Frankfurter Allgemeine Zeitung - Rezension
Frankfurter Allgemeine Zeitung | Besprechung von 21.04.2020

Lebensecht und darum unbequem

Hans Falladas Roman "Der eiserne Gustav" gibt es nun in einer Neu-Edition, die gleich zwei ideologische Kompromissfassungen korrigieren soll.

Nachdem Joseph Goebbels 1937 den neuen Roman "Wolf unter Wölfen" von Hans Fallada gelesen hatte, notierte er im Tagebuch: "Ein tolles Buch . . . Der Junge kann was." Auf das nächste Projekt des Schriftstellers, der gegen Ende der Weimarer Republik zum Bestsellerautor geworden war, richteten sich dementsprechend große Erwartungen. Fallada sah es mit Beklommenheit: "In die Sonne Goebbelscher Gunst zu kommen - das schien mir ein Ikarus-Schicksal."

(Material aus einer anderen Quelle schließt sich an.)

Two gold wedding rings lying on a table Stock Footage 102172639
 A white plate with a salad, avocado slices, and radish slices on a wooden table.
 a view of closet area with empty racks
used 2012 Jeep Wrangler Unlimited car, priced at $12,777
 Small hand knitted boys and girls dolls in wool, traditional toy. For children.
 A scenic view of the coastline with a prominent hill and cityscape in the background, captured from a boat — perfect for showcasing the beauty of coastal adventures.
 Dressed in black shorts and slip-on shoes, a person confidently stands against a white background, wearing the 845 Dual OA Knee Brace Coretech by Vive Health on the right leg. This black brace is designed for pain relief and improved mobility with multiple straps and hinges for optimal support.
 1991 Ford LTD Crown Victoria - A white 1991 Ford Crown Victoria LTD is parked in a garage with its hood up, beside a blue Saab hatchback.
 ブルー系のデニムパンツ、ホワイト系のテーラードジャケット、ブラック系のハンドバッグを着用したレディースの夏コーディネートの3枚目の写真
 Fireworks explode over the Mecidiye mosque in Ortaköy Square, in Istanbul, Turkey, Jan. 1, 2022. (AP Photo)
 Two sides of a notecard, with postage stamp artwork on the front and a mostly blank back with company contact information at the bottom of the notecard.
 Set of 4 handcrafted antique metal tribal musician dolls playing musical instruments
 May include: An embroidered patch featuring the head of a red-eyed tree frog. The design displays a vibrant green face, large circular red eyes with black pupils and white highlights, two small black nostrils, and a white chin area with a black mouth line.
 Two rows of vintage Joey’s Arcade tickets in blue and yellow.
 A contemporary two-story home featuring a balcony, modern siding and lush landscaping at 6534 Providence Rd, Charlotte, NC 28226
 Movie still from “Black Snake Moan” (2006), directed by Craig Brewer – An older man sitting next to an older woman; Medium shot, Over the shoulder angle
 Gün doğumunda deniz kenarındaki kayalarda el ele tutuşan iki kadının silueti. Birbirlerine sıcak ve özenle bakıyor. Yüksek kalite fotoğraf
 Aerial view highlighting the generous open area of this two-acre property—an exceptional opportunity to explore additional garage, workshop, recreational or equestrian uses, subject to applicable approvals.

Dieses neue Projekt, "Der eiserne Gustav", sollte zunächst ein Film werden, eine Paraderolle für den gefeierten Schauspieler Emil Jannings. Allerdings sah sich Fallada außerstande, ein Exposé zu verfassen: "Ich kann nur erfinden, wenn ich schildern, wenn ich in die Breite gehen darf." Deshalb schrieb er einen umfangreichen Roman, den die Filmleute dann zum Drehbuch eindampfen sollten. Der Film mit Jannings wurde jedoch nie gedreht, obwohl Goebbels selbst noch Korrekturen von Fallada erzwungen hatte: einen Schluss, der auf eine Bekehrung der Hauptfiguren zum Nationalsozialismus hinauslief. So erschien "Der eiserne Gustav" 1938. Bereits in seinem Gefängnistagebuch von 1944 hat Fallada seinen Verdruss über den "nationalsozialistischen Schwanz" des Romans bekundet. Er wünschte sich eine Ausgabe ohne dieses Finale, zu der es zu seinen Lebzeiten - er starb 1947 - nicht mehr kam. Erst 1962 wurde der Roman in der DDR in neuer Form publiziert, nun ohne den "Nazi-Schwanz", allerdings wiederum mit ideologischen Beschädigungen. Der Herausgeber Günter Caspar kürzte auch zahlreiche weitere Passagen, die damals nicht mehr ins sozialistische Geschichtsbild passten.

Erst jetzt, im Zuge der internationalen Wiederentdeckung Falladas, ist der "Eiserne Gustav", so verspricht es der Verlag, "erstmals in der Originalfassung" zu lesen. Kein Zweifel: Die komplizierte Editionsgeschichte ist so spannend wie der Roman selbst, dessen rührselige Rühmann-Verfilmung aus dem Jahr 1958 lediglich auf fünfzig von knapp achthundert Seiten basierte. Bei der staunenden Lektüre erweist sich der Roman als großformatiges Krisenpanorama der Jahre zwischen 1914 und 1928.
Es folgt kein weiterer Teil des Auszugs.